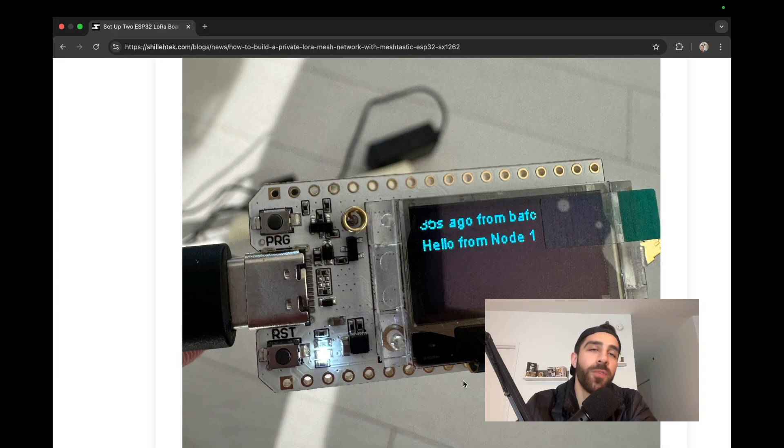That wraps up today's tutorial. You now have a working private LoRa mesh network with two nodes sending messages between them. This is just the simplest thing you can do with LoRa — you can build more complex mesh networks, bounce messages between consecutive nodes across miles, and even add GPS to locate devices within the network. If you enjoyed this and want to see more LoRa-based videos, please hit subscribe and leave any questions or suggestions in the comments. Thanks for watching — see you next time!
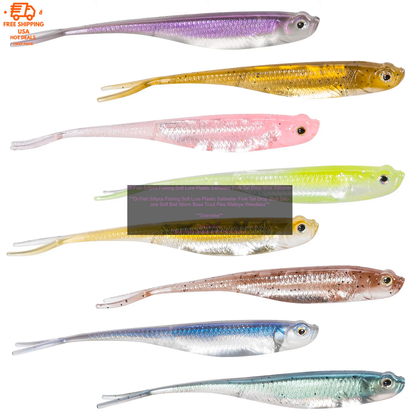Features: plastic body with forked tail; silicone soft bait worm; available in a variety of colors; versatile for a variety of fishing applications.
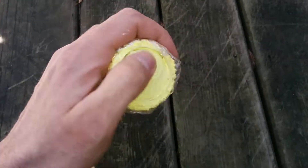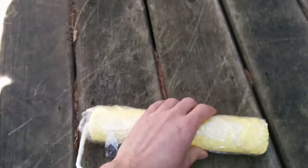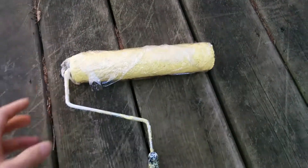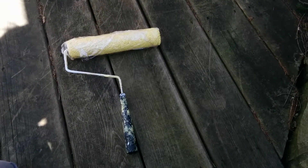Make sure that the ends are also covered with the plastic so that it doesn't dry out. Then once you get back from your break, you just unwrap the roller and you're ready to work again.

# Goal of the exercise
Please print the entire listing again exactly, minus its images.

# Answer to this task
That wraps up today's tutorial. You now have a working private LoRa mesh network with two nodes sending messages between them. This is just the simplest thing you can do with LoRa — you can build more complex mesh networks, bounce messages between consecutive nodes across miles, and even add GPS to locate devices within the network. If you enjoyed this and want to see more LoRa-based videos, please hit subscribe and leave any questions or suggestions in the comments. Thanks for watching — see you next time!
Features: plastic body with forked tail; silicone soft bait worm; available in a variety of colors; versatile for a variety of fishing applications.
Make sure that the ends are also covered with the plastic so that it doesn't dry out. Then once you get back from your break, you just unwrap the roller and you're ready to work again.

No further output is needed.